Okay. I’ll let you over that. Then on the fees, yes, we made a very, very definitive decision as a Group by the way at one of our off-sites to definitely move the average fee up over the last few years which usually means moving up size, getting rid of marginal transactions. Yes, we did that purposely.
Okay, great. And the only other thing I have is on the restructuring business. I think your team’s done a really good job of gaining market share in a pretty benign environment. Can you talk about how that team’s positioned for potential downturn in terms of like mix of business at the firm and how that team should perform?
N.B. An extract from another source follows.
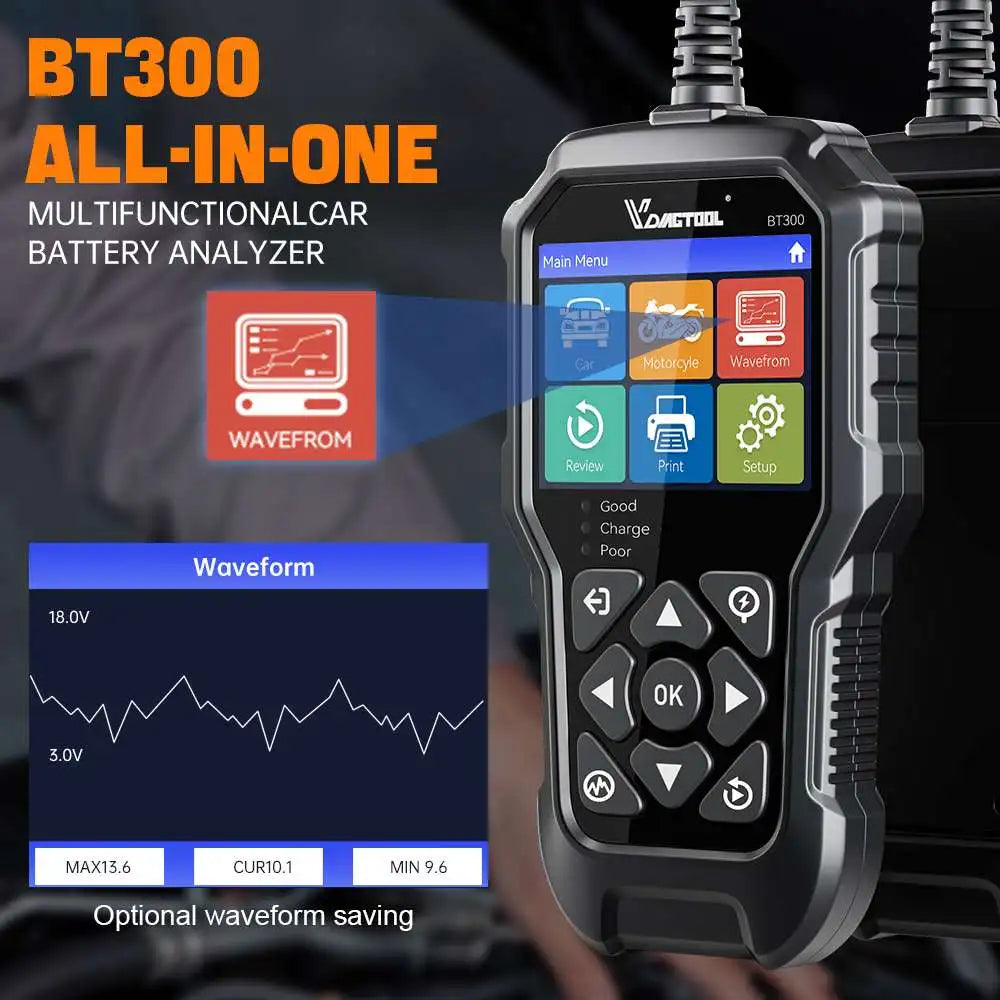 2026 New VDIAGTOOL BT300 5-3000 CCA  Car Battery Tester 6V/12V Battery System Detect Auto Battery Analyzer Car Battery Tool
Look, the team, we have retained the whole team and promoted from within, so we have a larger capable team. Because we do think there will be a downturn. It’s hard to believe sometimes because nothing seems to turn down anymore, but we think there is a cycle that happens. And secondly, they’ve all stayed together. That’s number two. So, it’s a team that has been together for a while. And lastly, because we don’t have a commission structure, each individual banker does not have their own either sector or specialties. So, there are some I think restructuring groups that are paid on their own restructuring exclusive from the other call it, bankers coverage bankers. We don’t do that. So, in the last crisis, we literally were able to move we could account in the last downturn ‘09-’10 every single banker except one was actively working on a restructuring during that time. So, we because we have one bonus pool, we were able to move a significant amount of talent and move them over to help. And I think that will give us a big advantage again in a rapidly in a rapid downturn. It’s hard to hire into your restructuring group. So, you have to use the resources that you have.
Makes sense. Thank you.
The next question will be from Michael Brown of KBW. Please go ahead.
Hi, good evening. So, Ken, I just wanted to kind of ask one question on China. So, I mean obviously it’s kind of a smaller piece of your business, but if we should see on resolution on trade with China, I just kind of want to hear your thoughts maybe for yourself and for the industry on kind of what your expectations would be for the kind of pickup in cross-border activity? I mean I know it’s not again that meaningful for you guys, but do you kind of see a pent-up of demand for activity with China?
First of all, it was meaningful for us, when you’re allowed to actually do cross-border with the U.S., I would say allowed in a closed fashion. But we had a large we did a lot of deals in 2016. That was pretty good line item for us. Look, I don’t think this is just a trade deal. I think the trade deal will probably be, if it’s done well, will probably good for markets. But look, there’s a continuing underlying weariness of allowing some cross-border M&A and significant Chinese ownership of American companies. And I don’t know that the trade deal will stop that. So no, I don’t expect that M&A will go back to where it was before we started to really ramp-up CFIUS and the technology cold war with China at this point. So no, I don’t know that that will snap back at all.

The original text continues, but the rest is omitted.